Woran liegt das – und was lässt sich dagegen tun?

Das Kernproblem: Geräte ohne Konzept

Viele Schulen haben Geräte angeschafft, ohne die notwendige Verwaltungsinfrastruktur mitzudenken. 200 iPads klingen gut – aber wie werden sie aktuell gehalten? Wie bekommt jedes Gerät dieselben Apps? Wie wird ein defektes Gerät schnell ersetzt?

Ohne ein Mobile Device Management (MDM) ist das kaum möglich. MDM-Systeme wie Apple School Manager, Jamf oder Microsoft Intune erlauben die zentrale Verwaltung aller Geräte – Konfiguration, App-Verteilung, Sicherheitsrichtlinien, Fernlöschung bei Verlust.

WLAN: Mehr als ein Router

Ein einzelner Consumer-Router reicht für Schulen nicht aus. Für 30 Geräte in einem Klassenzimmer braucht es professionelle Access Points mit ausreichender Bandbreite und stabiler Verbindung. Für eine ganze Schule bedeutet das:

  • Professionelle WLAN-Infrastruktur (z. B. Ubiquiti, Cisco Meraki, HPE Aruba)
  • Ausreichend Access Points pro Stockwerk und Bereich
  • Separate Netzwerke für Lehrer und Schüler (VLAN-Trennung)
  • Zentrales Management aller Access Points
  • Kapazitätsplanung für Prüfungsphasen mit maximaler Gerätenutzung

Datenschutz in der Schule: Die DSGVO gilt auch hier

Schüler- und Lehrerdaten unterliegen der DSGVO. Das hat konkrete Auswirkungen auf die Auswahl von Diensten und Plattformen:

  • Lernmanagementsysteme müssen DSGVO-konform sein – das schließt viele US-amerikanische Anbieter ohne europäische Serverstandorte aus
  • Cloud-Speicher für Schülerarbeiten muss auf europäischen Servern liegen
  • Eltern müssen in bestimmten Fällen über die Nutzung digitaler Dienste informiert werden
  • Bei Videokonferenztools gelten besondere Anforderungen, wenn Minderjährige teilnehmen

Gute Alternativen für Schulen existieren: Moodle als Self-hosted Lernplattform, Nextcloud für Dateispeicherung, Big Blue Button für Videokonferenzen.

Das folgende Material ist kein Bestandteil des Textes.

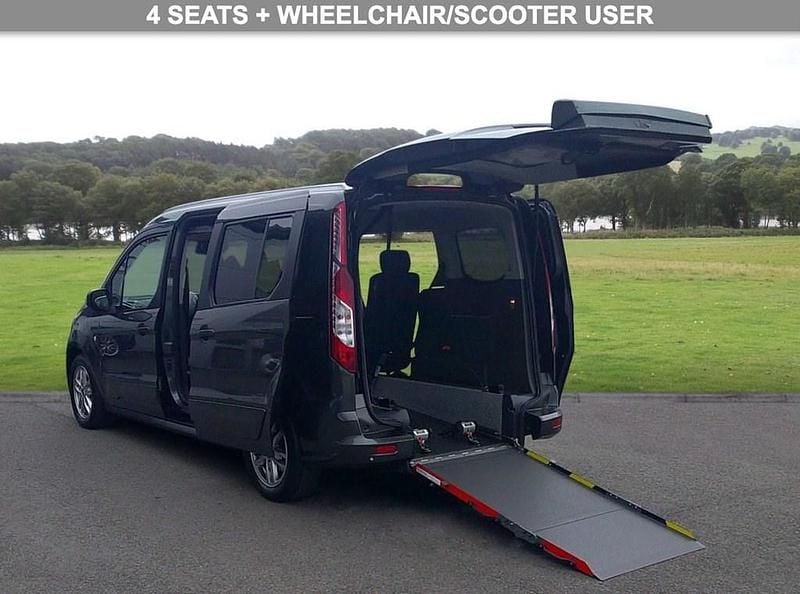 Used Ford Grand Tourneo Connect Titanium 120 HP (88 kW) 2019 Grey MPV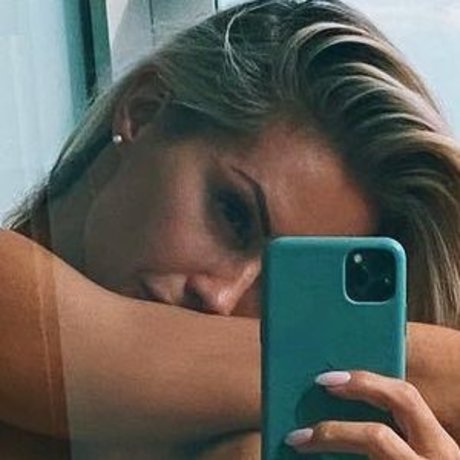 Varia Veselova xxx女優 アーカイブ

Wer kümmert sich um die IT?

Das ist in vielen Schulen ein zentrales Problem. Lehrkräfte sind keine IT-Administratoren – auch wenn sie es oft notgedrungen werden. Der Sachaufwandsträger (Gemeinde, Landkreis, Bezirk) ist oft für die Bereitstellung der IT zuständig, hat aber selten ausreichend Personal.

Externe IT-Dienstleister wie SW-Systeme können hier eine wichtige Rolle übernehmen: als laufender IT-Betreuer mit definierten Reaktionszeiten, als Ansprechpartner für Technikprobleme im Schulalltag und als Berater bei der Planung neuer Projekte.

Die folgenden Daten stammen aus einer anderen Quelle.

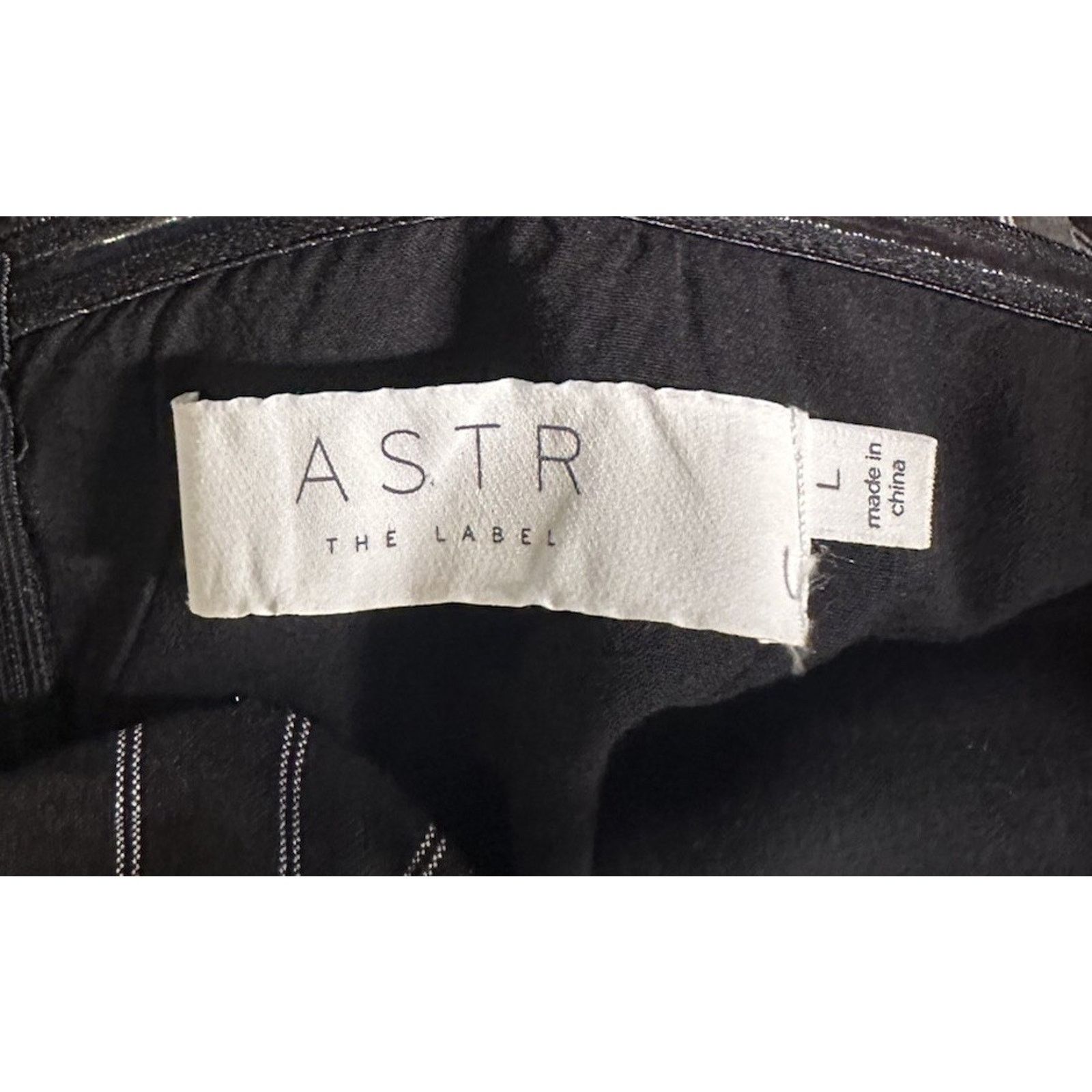 ASTR The Label ASTR Mara Black Pinstripe Cropped Wide Leg Jumpsuit L Size 30" / US 8 / IT 44 - 6 Thumbnail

Was sollten Schulen als nächstes tun?

Ein strukturiertes Vorgehen hilft mehr als einzelne Sofortmaßnahmen:

  • Bestandsaufnahme: Welche Geräte gibt es? Welche Dienste werden genutzt? Was funktioniert nicht?
  • Priorisierung: Was ist dringend (defekte Infrastruktur), was ist wichtig (MDM, DSGVO) und was kann warten?
  • Konzept entwickeln: Welche Geräte für welche Jahrgänge? Welches MDM? Welche Lernplattform?
  • Umsetzung planen: Sommerferien nutzen, Fördergelder einplanen, Schulungen für Lehrkräfte einschließen

Unser Fazit

Schuldigitalisierung ist mehr als Hardware kaufen. Sie braucht eine durchdachte Infrastruktur, klare Verantwortlichkeiten und laufende Betreuung. SW-Systeme begleitet Schulen und Schulträger in Oberfranken und Südthüringen bei der Planung, Umsetzung und Betreuung ihrer IT – von der WLAN-Infrastruktur bis zum MDM, von der Datenschutzberatung bis zum laufenden Support.